A preliminary inquiry by the Accountancy and Actuarial Discipline Board’s executive counsel alleges that the work of the firm fell short of the standards of objectivity and due care reasonably to be expected of ICAEW members and member firms.
The complaint focuses on corporate finance partner, Maghsoud Einollahi, and corporate finance advisers Peter Beale, Nick Stephenson, John Edwards and John Towers.
Birmingham-based MG Rover collapsed in 2005 with debts of £1.3bn and the loss of 6,000 jobs, five years after the four, all directors of Phoenix Venture Holdings, had bought the group for £10.

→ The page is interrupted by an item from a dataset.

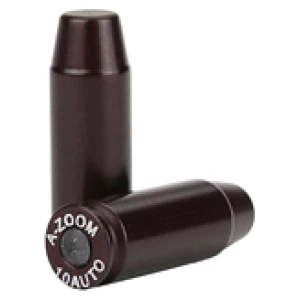 Two dark handgun cartridges on white background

Over that time, they had paid themselves £40m in pay and pensions.
After a lengthy and detailed inquiry by Companies Act inspectors into MG Rover’s collapse and subsequent liquidation, the four were disqualified from acting as directors for between three and six years.

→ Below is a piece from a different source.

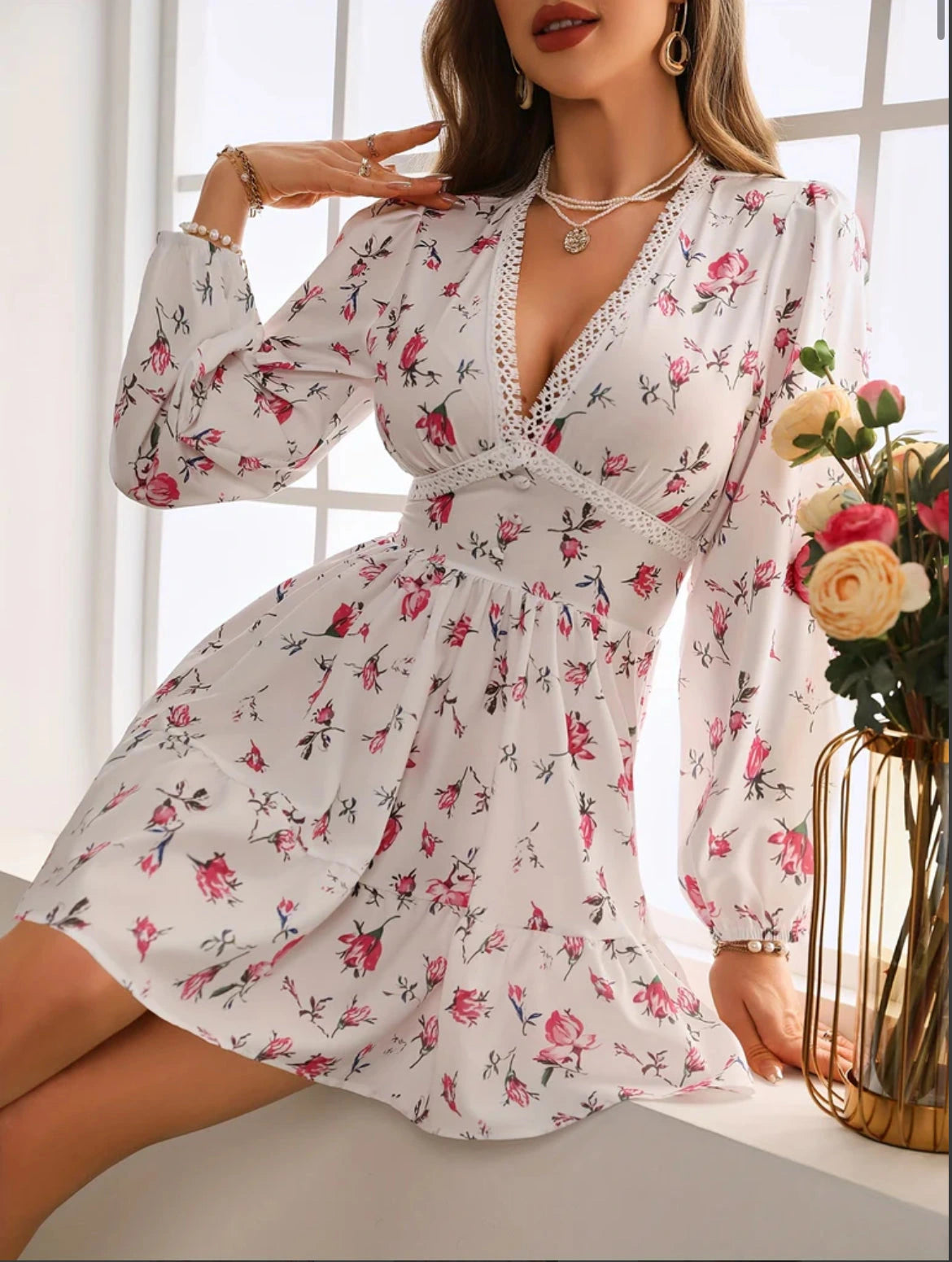 Woman wearing a pink crochet lace balloon sleeve mini dress - outdoor lifestyle photo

It is as a result of that report and the executive counsel’s own investigation that the formal complaint against Deloitte and Einollahi has been made.

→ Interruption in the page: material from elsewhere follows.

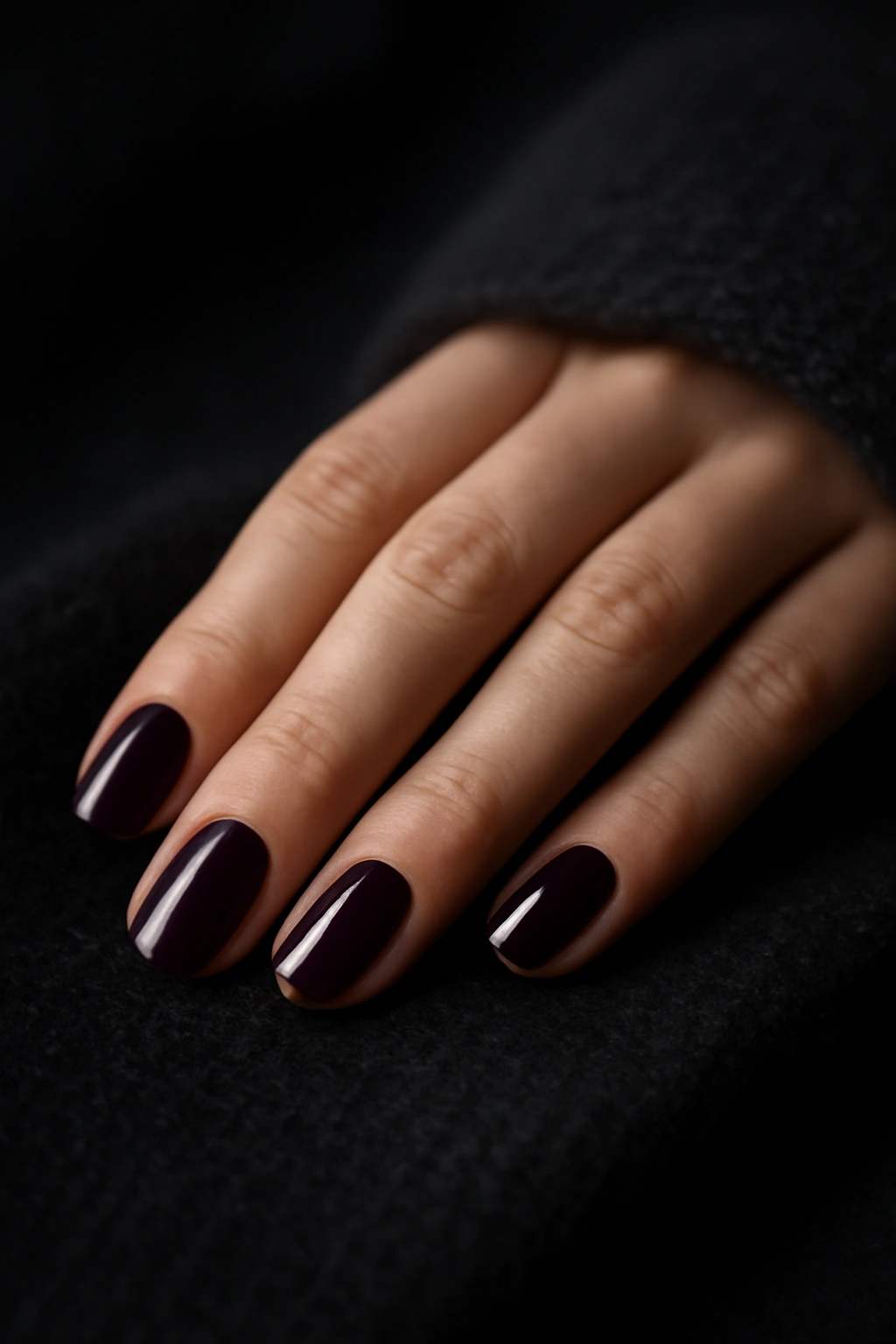 High-gloss deep plum purple nail polish on hands resting on cashmere.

This alleges that, in connection with certain transactions, they failed adequately to consider the public interest; the potential for there to be different commercial interests between the Phoenix four, MG Rover Group and associated companies and shareholders; and the conflicts of interest and self-interest threat in relation to advising the Phoenix four while maintaining client relationships with the group.
The AADB has made it clear that it is not alleging misconduct in relation to the firm’s audit work for MG Rover.
An independent disciplinary tribunal will be set up to hear the complaint.